From Snail Mail to Email

I recently handed a boarder an envelope and asked them to write his address on it – a simple request, or so I believed. The boarder went away and came back with his email address written across the front of the envelope. I am sure all boarding staff are aware of how the immersion of technology is shaping and developing young people’s social identities. Unfortunately, the rate at which this immersion has taken place often surpasses our own knowledge and understandings leading us to feel less secure and, at times, relatively powerless.
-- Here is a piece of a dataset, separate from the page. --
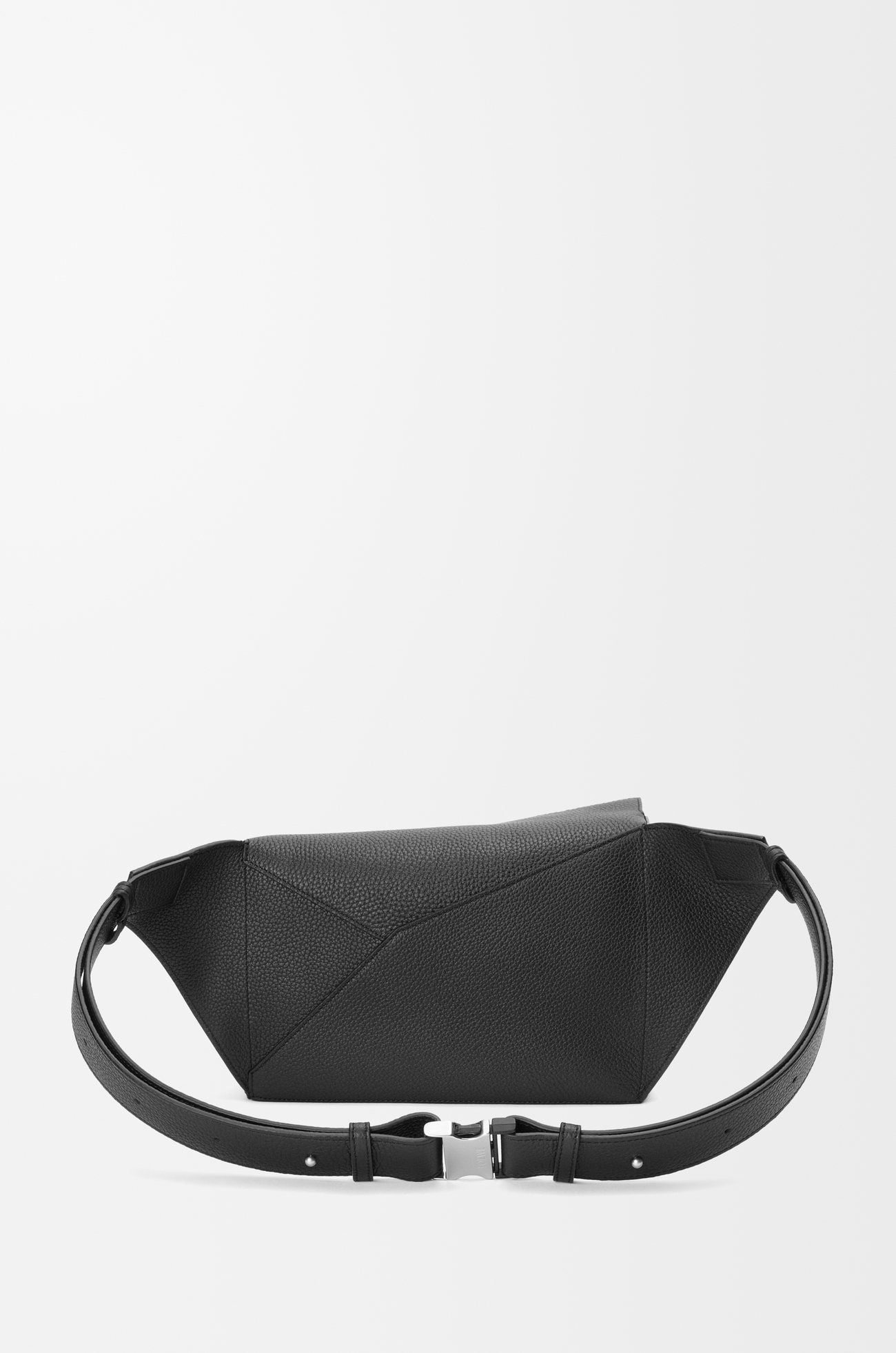 LOEWE Small Puzzle bumbag in grained calfskin Black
How often do you hear boarding staff, academic staff, or parents complain about a student using some type of digital media, or always being on “the phone”? Most educational institutions  address these insecurities by blocking access to certain websites (a little bit harder now with data packages on most phones) or banning the digital media device during certain times of the day and night. In a time of digital and online bullying, privacy issues and general inappropriate use of technology some may say that banning and blocking is justified. I am sure if I wished to start an on-line discussion about “Snapchat” and how boarding communities tried to address this at times, unsavoury digital application, the input would be vast and variable. I also wonder how many of us realise that “Snapchat” is now being used as a marketing tool to cash in on the rapidly growing purchasing power and increased use of digital socialisation by teenagers under the age of eighteen.
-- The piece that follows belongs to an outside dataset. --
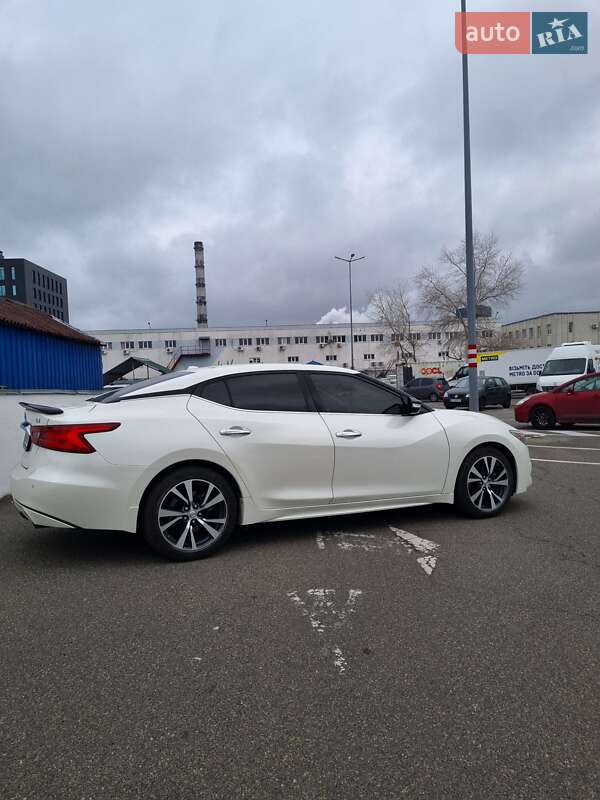 Седан Nissan Maxima 2016 в Киеве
Students’ access to technology and digital media, not only to the aforementioned types of applications, but to learning materials and information, is shaping how they learn. Additionally, the increased use of technology and digital media in all educational settings has placed a greater demand on students to learn using these means. Unfortunately, this has also placed increased demands on those involved in the care of students to develop their understanding and competencies of these technologies. Most of us will develop a basic understanding of technological and digital developments to become technologically literate in order to remain productive and to develop and deliver new pedagogies to maintain our primary work function and accountabilities. Conversely, through their increased use of digital information, on-line social networking, ICT, and digital multitasking, students will develop and become digitally literate. There is a clear distinction between the two – someone who has the appropriate skills and competence in using technology (technologically literate) and those that have the ability to communicate, manipulate and function comfortably in an immersed digital environment (digitally literate).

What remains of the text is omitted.